By Dan Mika
The DowDuPont cellulosic ethanol plant sits mostly empty today after the chemical giant suspended operations and laid off most of its 90 employees earlier this month. A skeleton crew is maintaining it while the company looks for a buyer for the $225 million plant, which was expected to produce 30 million gallons of cellulosic ethanol annually.
But the question remains: did DowDuPont build the plant on a biofuel struggling to reach commercialization?
The Nevada plant was built to produce cellulosic ethanol, made by refining plant byproducts corn cobs and soybean shells into biofuel. The idea behind it is simple: if a facility can break down the plant walls of that byproduct and refine the material into ethanol, the edible parts of the plants can be diverted into the food supply.
State and local officials pledged a total of nearly $15 million to the project in 2010, according to project reports from the Iowa Economic Development Authority. The department granted DowDuPont a $5 million forgivable loan and $586,000 in job training funds back when Dow and DuPont hadn’t begun merger discussions.
Under the IEDA package, DowDuPont was also eligible for up to $4.6 million in various state tax credits. The city of Nevada offered $8.6 million in tax abatements over 10 years.
IEDA spokeswoman Kanan Kappelman said the department is in discussions with the company about the future of the loan.
“White elephant investment”
The plant had its share of critics long before it closed its doors. In 2014, Nelson Peltz, an activist investor and New York hedge fund manager, said the company’s $500 million investment into cellulosic ethanol production was one of many “speculative and expensive corporate science projects” DowDuPont was pursuing at the time.
It’s unclear exactly how much ethanol, if any, the plant produced. In an emailed statement, DowDuPont spokeswoman Wendy Rosen said the plant remains in its startup phase and produced biomass through the conversion process “up to and including fermentation.”
At an industry scale, the cost of building and running that type of plant doesn’t make economic sense at the moment, said Craig Irwin, a biofuels industry analyst at Roth Capital Partners.
He said cellulosic ethanol production will struggle in a market in which landfill gas, produced by capturing gases deep within landfills, is growing because it counts under the Renewable Fuel Standard’s quota for cellulosic energy at a fraction of the cost of an ethanol plant.
Because of that, Irwin said he believes DowDuPont closed the plant to cut its losses and shift its focus elsewhere.
“The ethanol-based facilities are costing their owners way too much money to run after being horrible white elephant investments, and they’re outcompeted,” Irwin said.

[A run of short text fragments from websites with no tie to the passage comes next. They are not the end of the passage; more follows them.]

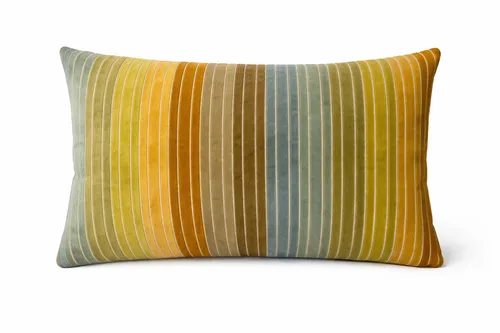 Multicolor Striped Velvet Pillow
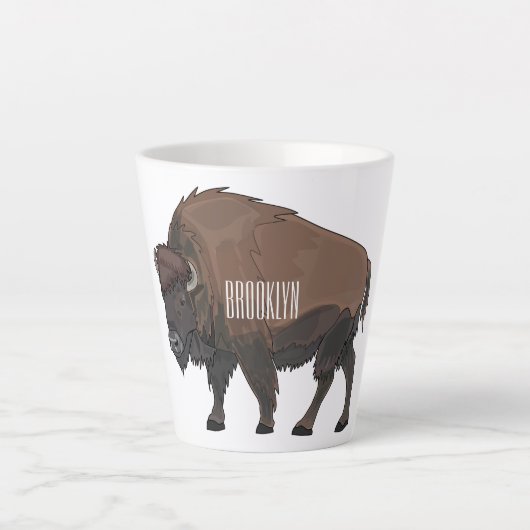 Bison cartoon afbeelding latte mok (Voorkant)
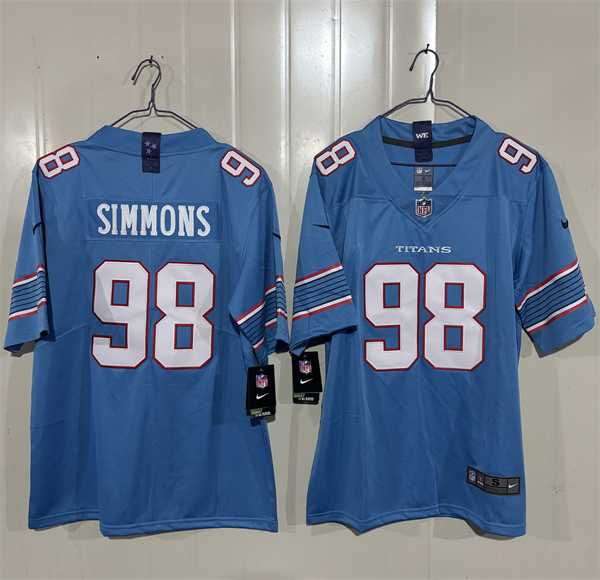 Men%27s Tennessee Titans #98 Jeffery Simmons Light Blue 2026 F.U.S.E. Vapor Limited Stitched Jersey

Irwin said some firms may be interested in buying specific machinery out of the factory. But in terms of finding a buyer for the whole plant, Irwin said DowDuPont might be able to sell it for just pennies on the dollar.
“The only people who thought that it was going to do 30 million gallons were engineers with limited real-world practical understanding,” he said. “The rest of the industry essentially thought three, five, seven maybe, but definitely not 30.”